(Records shown begins)

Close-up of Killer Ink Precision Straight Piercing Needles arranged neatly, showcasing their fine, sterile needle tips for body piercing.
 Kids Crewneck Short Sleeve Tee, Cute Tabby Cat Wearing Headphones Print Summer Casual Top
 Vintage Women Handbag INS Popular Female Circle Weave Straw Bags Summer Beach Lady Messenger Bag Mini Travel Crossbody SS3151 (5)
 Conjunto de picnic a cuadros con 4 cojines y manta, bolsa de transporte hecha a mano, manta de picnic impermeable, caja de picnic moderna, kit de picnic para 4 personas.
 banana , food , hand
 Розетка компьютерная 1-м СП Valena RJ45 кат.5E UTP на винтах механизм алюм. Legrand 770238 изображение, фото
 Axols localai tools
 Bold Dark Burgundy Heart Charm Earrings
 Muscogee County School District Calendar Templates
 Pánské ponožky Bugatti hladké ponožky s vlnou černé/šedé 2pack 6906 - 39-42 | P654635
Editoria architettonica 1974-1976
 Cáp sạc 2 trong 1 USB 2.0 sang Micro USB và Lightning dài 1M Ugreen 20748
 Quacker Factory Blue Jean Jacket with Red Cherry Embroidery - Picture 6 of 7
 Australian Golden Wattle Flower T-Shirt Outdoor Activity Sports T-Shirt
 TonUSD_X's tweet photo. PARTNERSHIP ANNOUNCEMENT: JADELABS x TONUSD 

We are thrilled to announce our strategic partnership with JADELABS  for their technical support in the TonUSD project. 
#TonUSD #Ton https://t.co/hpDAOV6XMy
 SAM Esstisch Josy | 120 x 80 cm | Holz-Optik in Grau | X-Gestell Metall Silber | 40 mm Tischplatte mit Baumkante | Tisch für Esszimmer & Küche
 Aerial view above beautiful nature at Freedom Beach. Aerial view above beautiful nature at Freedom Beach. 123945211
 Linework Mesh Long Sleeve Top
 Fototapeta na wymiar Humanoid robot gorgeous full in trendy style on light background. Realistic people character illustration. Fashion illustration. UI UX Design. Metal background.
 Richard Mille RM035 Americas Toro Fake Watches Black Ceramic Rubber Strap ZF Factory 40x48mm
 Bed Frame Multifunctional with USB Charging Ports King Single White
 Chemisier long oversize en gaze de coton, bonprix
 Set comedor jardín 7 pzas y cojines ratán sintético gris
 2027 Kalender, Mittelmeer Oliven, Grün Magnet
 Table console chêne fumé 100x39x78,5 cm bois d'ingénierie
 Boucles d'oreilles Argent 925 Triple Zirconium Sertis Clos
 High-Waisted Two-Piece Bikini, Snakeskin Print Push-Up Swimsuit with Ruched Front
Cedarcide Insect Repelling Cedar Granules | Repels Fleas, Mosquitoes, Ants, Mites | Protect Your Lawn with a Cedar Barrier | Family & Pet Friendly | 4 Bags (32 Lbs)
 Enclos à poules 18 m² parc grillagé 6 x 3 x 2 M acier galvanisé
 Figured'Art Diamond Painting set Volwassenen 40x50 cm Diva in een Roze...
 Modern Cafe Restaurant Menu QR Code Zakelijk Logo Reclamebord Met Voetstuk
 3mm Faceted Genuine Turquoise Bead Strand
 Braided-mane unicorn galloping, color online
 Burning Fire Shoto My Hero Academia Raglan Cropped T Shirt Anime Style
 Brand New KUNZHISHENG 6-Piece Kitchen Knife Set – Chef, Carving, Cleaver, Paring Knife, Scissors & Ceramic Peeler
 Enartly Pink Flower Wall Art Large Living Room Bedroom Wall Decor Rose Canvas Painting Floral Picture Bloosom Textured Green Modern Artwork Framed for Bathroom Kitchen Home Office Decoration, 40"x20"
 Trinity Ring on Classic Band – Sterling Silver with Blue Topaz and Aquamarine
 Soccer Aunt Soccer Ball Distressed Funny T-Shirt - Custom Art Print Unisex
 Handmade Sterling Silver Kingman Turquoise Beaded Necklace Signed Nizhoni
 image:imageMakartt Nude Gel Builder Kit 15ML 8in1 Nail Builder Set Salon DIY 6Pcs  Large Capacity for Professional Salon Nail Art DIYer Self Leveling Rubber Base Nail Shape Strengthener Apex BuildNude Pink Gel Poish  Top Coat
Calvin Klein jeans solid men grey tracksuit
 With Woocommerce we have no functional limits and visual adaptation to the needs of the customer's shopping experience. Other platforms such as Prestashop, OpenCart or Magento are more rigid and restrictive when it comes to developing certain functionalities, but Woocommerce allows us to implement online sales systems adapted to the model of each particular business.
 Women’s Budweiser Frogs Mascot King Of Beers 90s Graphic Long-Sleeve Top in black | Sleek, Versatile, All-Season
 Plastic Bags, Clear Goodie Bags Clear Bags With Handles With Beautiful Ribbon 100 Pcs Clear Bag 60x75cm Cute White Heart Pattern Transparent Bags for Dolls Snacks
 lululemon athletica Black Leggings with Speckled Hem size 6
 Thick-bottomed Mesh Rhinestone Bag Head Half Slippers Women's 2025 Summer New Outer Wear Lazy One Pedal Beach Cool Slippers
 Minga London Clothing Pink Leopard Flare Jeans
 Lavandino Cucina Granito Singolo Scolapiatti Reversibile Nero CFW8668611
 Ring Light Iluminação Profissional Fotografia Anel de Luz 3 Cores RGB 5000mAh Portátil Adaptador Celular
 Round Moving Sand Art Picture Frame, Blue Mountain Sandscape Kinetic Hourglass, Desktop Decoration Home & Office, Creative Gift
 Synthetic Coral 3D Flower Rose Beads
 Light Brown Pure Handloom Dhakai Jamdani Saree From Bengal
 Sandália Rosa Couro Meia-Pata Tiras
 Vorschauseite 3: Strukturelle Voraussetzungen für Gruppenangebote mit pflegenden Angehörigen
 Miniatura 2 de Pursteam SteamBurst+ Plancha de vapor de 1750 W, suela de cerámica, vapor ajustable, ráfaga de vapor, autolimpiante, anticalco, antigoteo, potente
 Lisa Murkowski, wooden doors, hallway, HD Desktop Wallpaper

(Records shown ends)

### What is being asked
What you return should match the entries above exactly.

### Solution to this problem
Close-up of Killer Ink Precision Straight Piercing Needles arranged neatly, showcasing their fine, sterile needle tips for body piercing.
 Kids Crewneck Short Sleeve Tee, Cute Tabby Cat Wearing Headphones Print Summer Casual Top
 Vintage Women Handbag INS Popular Female Circle Weave Straw Bags Summer Beach Lady Messenger Bag Mini Travel Crossbody SS3151 (5)
 Conjunto de picnic a cuadros con 4 cojines y manta, bolsa de transporte hecha a mano, manta de picnic impermeable, caja de picnic moderna, kit de picnic para 4 personas.
 banana , food , hand
 Розетка компьютерная 1-м СП Valena RJ45 кат.5E UTP на винтах механизм алюм. Legrand 770238 изображение, фото
 Axols localai tools
 Bold Dark Burgundy Heart Charm Earrings
 Muscogee County School District Calendar Templates
 Pánské ponožky Bugatti hladké ponožky s vlnou černé/šedé 2pack 6906 - 39-42 | P654635
Editoria architettonica 1974-1976
 Cáp sạc 2 trong 1 USB 2.0 sang Micro USB và Lightning dài 1M Ugreen 20748
 Quacker Factory Blue Jean Jacket with Red Cherry Embroidery - Picture 6 of 7
 Australian Golden Wattle Flower T-Shirt Outdoor Activity Sports T-Shirt
 TonUSD_X's tweet photo. PARTNERSHIP ANNOUNCEMENT: JADELABS x TONUSD 

We are thrilled to announce our strategic partnership with JADELABS  for their technical support in the TonUSD project. 
#TonUSD #Ton https://t.co/hpDAOV6XMy
 SAM Esstisch Josy | 120 x 80 cm | Holz-Optik in Grau | X-Gestell Metall Silber | 40 mm Tischplatte mit Baumkante | Tisch für Esszimmer & Küche
 Aerial view above beautiful nature at Freedom Beach. Aerial view above beautiful nature at Freedom Beach. 123945211
 Linework Mesh Long Sleeve Top
 Fototapeta na wymiar Humanoid robot gorgeous full in trendy style on light background. Realistic people character illustration. Fashion illustration. UI UX Design. Metal background.
 Richard Mille RM035 Americas Toro Fake Watches Black Ceramic Rubber Strap ZF Factory 40x48mm
 Bed Frame Multifunctional with USB Charging Ports King Single White
 Chemisier long oversize en gaze de coton, bonprix
 Set comedor jardín 7 pzas y cojines ratán sintético gris
 2027 Kalender, Mittelmeer Oliven, Grün Magnet
 Table console chêne fumé 100x39x78,5 cm bois d'ingénierie
 Boucles d'oreilles Argent 925 Triple Zirconium Sertis Clos
 High-Waisted Two-Piece Bikini, Snakeskin Print Push-Up Swimsuit with Ruched Front
Cedarcide Insect Repelling Cedar Granules | Repels Fleas, Mosquitoes, Ants, Mites | Protect Your Lawn with a Cedar Barrier | Family & Pet Friendly | 4 Bags (32 Lbs)
 Enclos à poules 18 m² parc grillagé 6 x 3 x 2 M acier galvanisé
 Figured'Art Diamond Painting set Volwassenen 40x50 cm Diva in een Roze...
 Modern Cafe Restaurant Menu QR Code Zakelijk Logo Reclamebord Met Voetstuk
 3mm Faceted Genuine Turquoise Bead Strand
 Braided-mane unicorn galloping, color online
 Burning Fire Shoto My Hero Academia Raglan Cropped T Shirt Anime Style
 Brand New KUNZHISHENG 6-Piece Kitchen Knife Set – Chef, Carving, Cleaver, Paring Knife, Scissors & Ceramic Peeler
 Enartly Pink Flower Wall Art Large Living Room Bedroom Wall Decor Rose Canvas Painting Floral Picture Bloosom Textured Green Modern Artwork Framed for Bathroom Kitchen Home Office Decoration, 40"x20"
 Trinity Ring on Classic Band – Sterling Silver with Blue Topaz and Aquamarine
 Soccer Aunt Soccer Ball Distressed Funny T-Shirt - Custom Art Print Unisex
 Handmade Sterling Silver Kingman Turquoise Beaded Necklace Signed Nizhoni
 image:imageMakartt Nude Gel Builder Kit 15ML 8in1 Nail Builder Set Salon DIY 6Pcs  Large Capacity for Professional Salon Nail Art DIYer Self Leveling Rubber Base Nail Shape Strengthener Apex BuildNude Pink Gel Poish  Top Coat
Calvin Klein jeans solid men grey tracksuit
 With Woocommerce we have no functional limits and visual adaptation to the needs of the customer's shopping experience. Other platforms such as Prestashop, OpenCart or Magento are more rigid and restrictive when it comes to developing certain functionalities, but Woocommerce allows us to implement online sales systems adapted to the model of each particular business.
 Women’s Budweiser Frogs Mascot King Of Beers 90s Graphic Long-Sleeve Top in black | Sleek, Versatile, All-Season
 Plastic Bags, Clear Goodie Bags Clear Bags With Handles With Beautiful Ribbon 100 Pcs Clear Bag 60x75cm Cute White Heart Pattern Transparent Bags for Dolls Snacks
 lululemon athletica Black Leggings with Speckled Hem size 6
 Thick-bottomed Mesh Rhinestone Bag Head Half Slippers Women's 2025 Summer New Outer Wear Lazy One Pedal Beach Cool Slippers
 Minga London Clothing Pink Leopard Flare Jeans
 Lavandino Cucina Granito Singolo Scolapiatti Reversibile Nero CFW8668611
 Ring Light Iluminação Profissional Fotografia Anel de Luz 3 Cores RGB 5000mAh Portátil Adaptador Celular
 Round Moving Sand Art Picture Frame, Blue Mountain Sandscape Kinetic Hourglass, Desktop Decoration Home & Office, Creative Gift
 Synthetic Coral 3D Flower Rose Beads
 Light Brown Pure Handloom Dhakai Jamdani Saree From Bengal
 Sandália Rosa Couro Meia-Pata Tiras
 Vorschauseite 3: Strukturelle Voraussetzungen für Gruppenangebote mit pflegenden Angehörigen
 Miniatura 2 de Pursteam SteamBurst+ Plancha de vapor de 1750 W, suela de cerámica, vapor ajustable, ráfaga de vapor, autolimpiante, anticalco, antigoteo, potente
 Lisa Murkowski, wooden doors, hallway, HD Desktop Wallpaper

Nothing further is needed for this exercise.